Input
------------
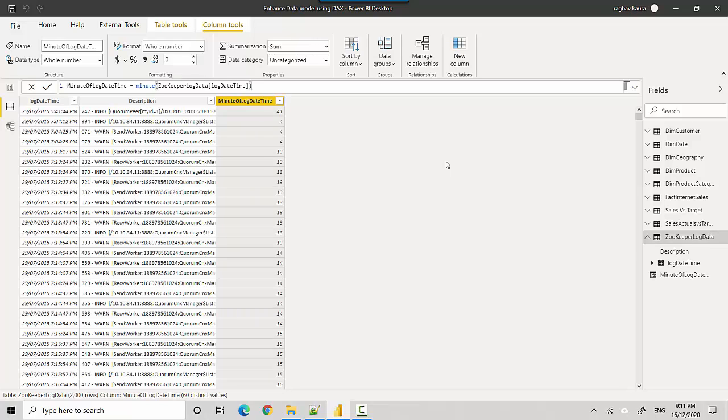So this one, the first row is 5:41 PM, so it's given us 41. Second row is 7:04, so it's given us 4, and so on and so forth. So in this video we've essentially learned how to extract the minute field from a datetime field.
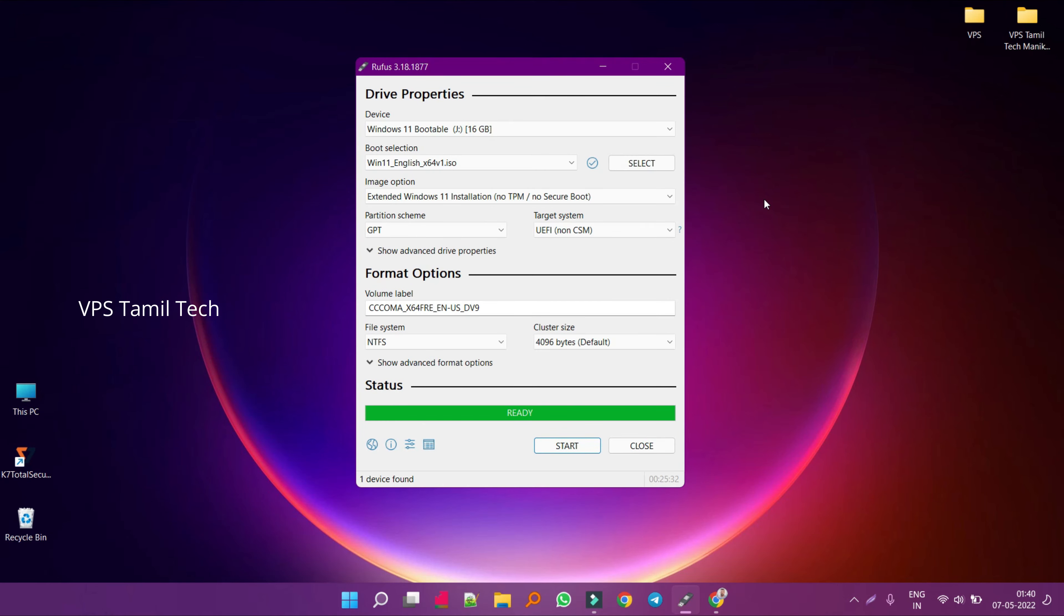Now we have created a bootable pen drive and you can install it on your laptop or desktop with Windows. You can see all these methods. You can check the video in the description below.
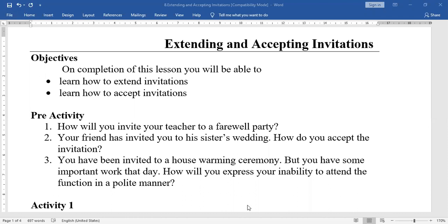I hope you all know what an invitation is. Generally, invitations we get from our friends, relatives, neighbors, colleagues, etc., for special occasions such as birthdays, marriages, celebrations, and gatherings.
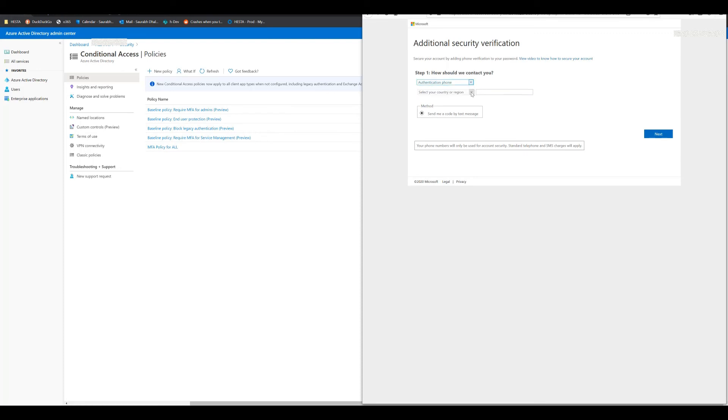Now here you can choose to authenticate using your phone. You select your country, put in your number, and then you get a code on your mobile. You key that in, and that's it, and then you are into the system. So that's how it goes.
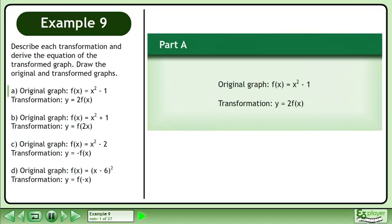Describe each transformation and derive the equation of the transformed graph. Draw the original and transformed graphs.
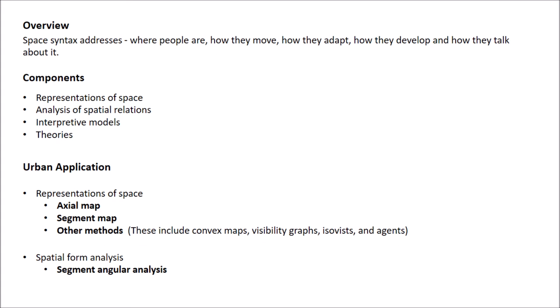Now, I would like to discuss the urban application of space syntax. How does space syntax represent any space? There are three kinds of representations. The first is axial map, which is defined as the longest line representing the maximum axial extension of any point in a straight line. The second is segment map, which enables us to represent continuous open space in a finer scale. It can be generated by breaking axial lines into segments at the intersections of the axial line, or it can be generated from a road centerline map.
------------
Instructions for the task
The answer is the entries above, given again exactly, with no pictures among them.

Task solution
So this one, the first row is 5:41 PM, so it's given us 41. Second row is 7:04, so it's given us 4, and so on and so forth. So in this video we've essentially learned how to extract the minute field from a datetime field.
Now we have created a bootable pen drive and you can install it on your laptop or desktop with Windows. You can see all these methods. You can check the video in the description below.
I hope you all know what an invitation is. Generally, invitations we get from our friends, relatives, neighbors, colleagues, etc., for special occasions such as birthdays, marriages, celebrations, and gatherings.
Now here you can choose to authenticate using your phone. You select your country, put in your number, and then you get a code on your mobile. You key that in, and that's it, and then you are into the system. So that's how it goes.
Describe each transformation and derive the equation of the transformed graph. Draw the original and transformed graphs.
Now, I would like to discuss the urban application of space syntax. How does space syntax represent any space? There are three kinds of representations. The first is axial map, which is defined as the longest line representing the maximum axial extension of any point in a straight line. The second is segment map, which enables us to represent continuous open space in a finer scale. It can be generated by breaking axial lines into segments at the intersections of the axial line, or it can be generated from a road centerline map.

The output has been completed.